Orchestration

Orchestration

Agent Orchestration #

Orchestration refers to the flow of agents in your app. Which agents run, in what order, and how do they decide what happens next? There are two main ways to orchestrate agents:

  • Allowing the LLM to make decisions: this uses the intelligence of an LLM to plan, reason, and decide on what steps to take based on that.
  • Orchestrating via code: determining the flow of agents via your code.

Orchestrating via LLM #

An agent is an LLM equipped with instructions, tools and handoffs. This means that given an open-ended task, the LLM can autonomously plan how it will tackle the task, using tools to take actions and acquire data, and using handoffs to delegate tasks to sub-agents.

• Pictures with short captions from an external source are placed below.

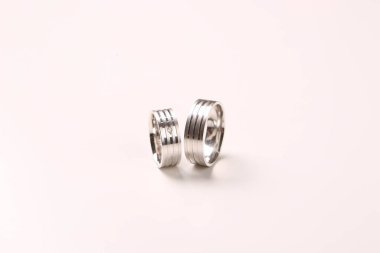 Elmas Mücevherler ve Moda Mücevherleri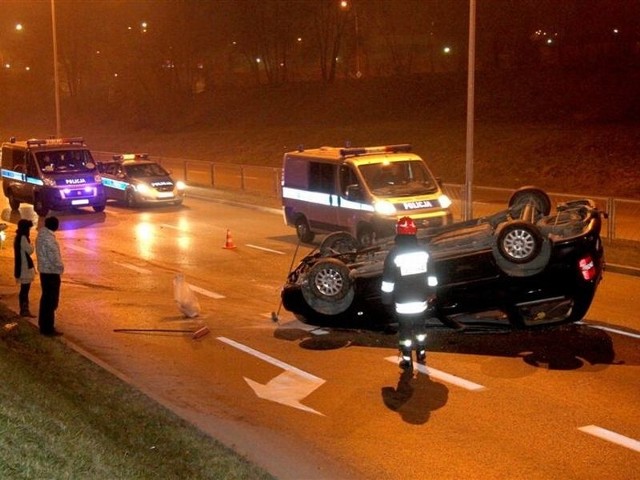 Przewrócony na ulicy Radomskiej w Kielcach samochód kia carnival.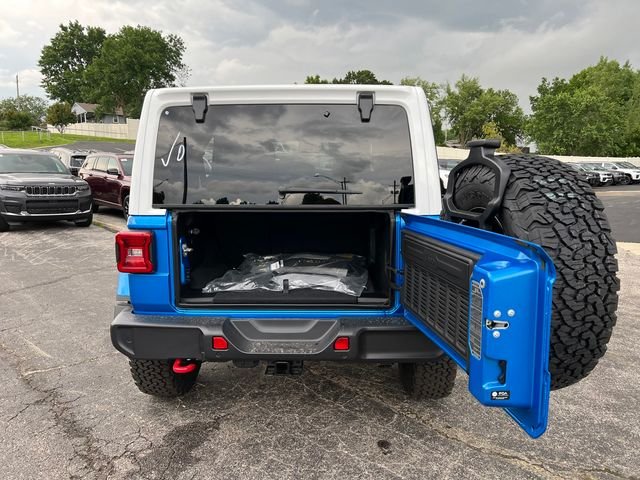 New 2026 Hydro Blue Pearl-Coat Exterior Paint Jeep Rubicon image 9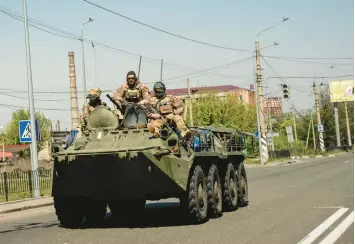  ?? LYNSEY ADDARIO/THE NEW YORK TIMES ?? Ukrainian fighters roll through Kramatorsk on Friday in Ukraine’s eastern Donbas region.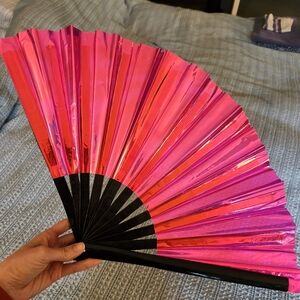 SoJourner Pink Clack Fan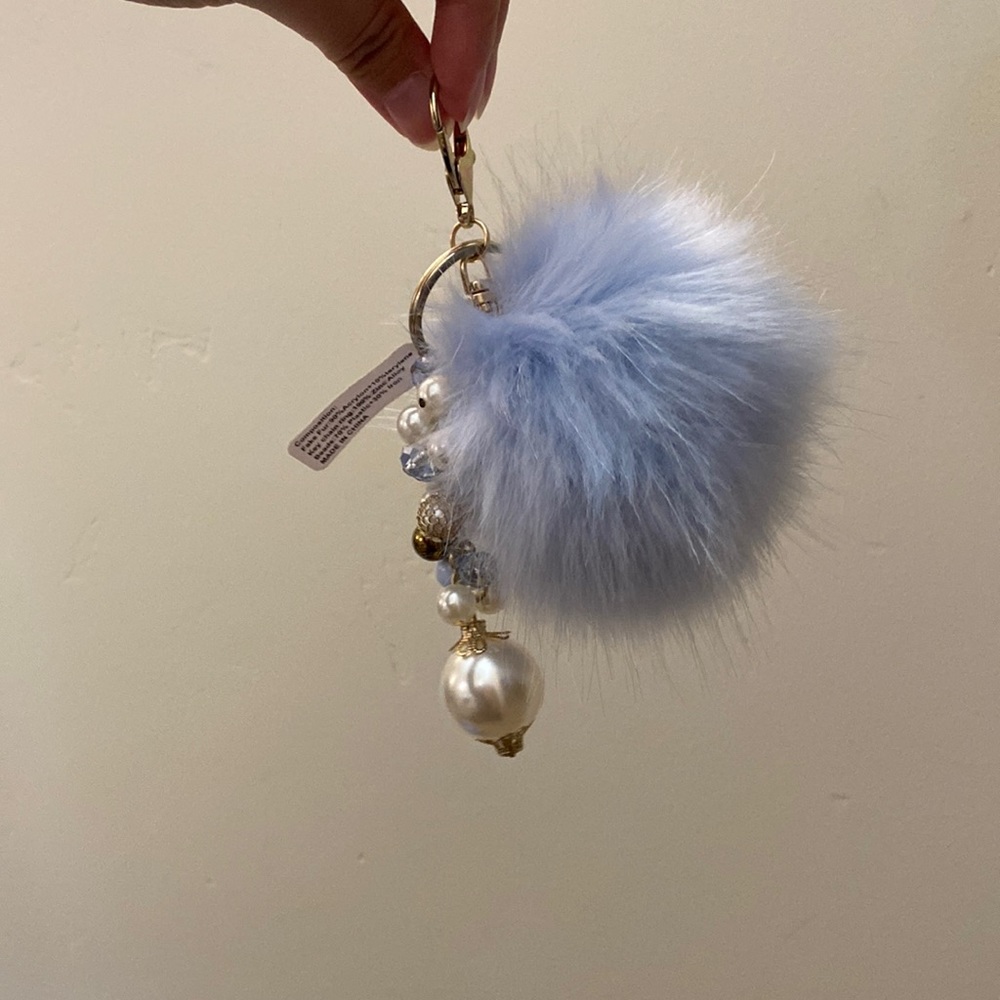 NWT Blue Faux Fur Puff Ball Pearl Bead Keychain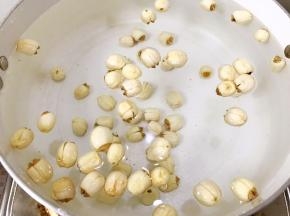 炖锅里一次性加入足量的水，加入莲子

This pattern is great when the task is open-ended and you want to rely on the intelligence of an LLM. The most important tactics here are:

  • Invest in good prompts. Make it clear what tools are available, how to use them, and what parameters it must operate within.
  • Monitor your app and iterate on it. See where things go wrong, and iterate on your prompts.
  • Allow the agent to introspect and improve. For example, run it in a loop, and let it critique itself; or, provide error messages and let it improve.
  • Have specialized agents that excel in one task, rather than having a general purpose agent that is expected to be good at anything.
  • Invest in evals. This lets you train your agents to improve and get better at tasks.

Orchestrating via code #

Common patterns here are:

  • Using structured outputs to generate well formed data that you can inspect with your code. For example, you might ask an agent to classify the task into a few categories, and then pick the next agent based on the category.
  • Chaining multiple agents by transforming the output of one into the input of the next. You can decompose a task like writing a blog post into a series of steps - do research, write an outline, write the blog post, critique it, and then improve it.
  • Running the agent that performs the task in a while loop with an agent that evaluates and provides feedback, until the evaluator says the output passes certain criteria.
  • Running multiple agents in parallel, e.g. via Python primitives like asyncio.gather. This is useful for speed when you have multiple tasks that don’t depend on each other.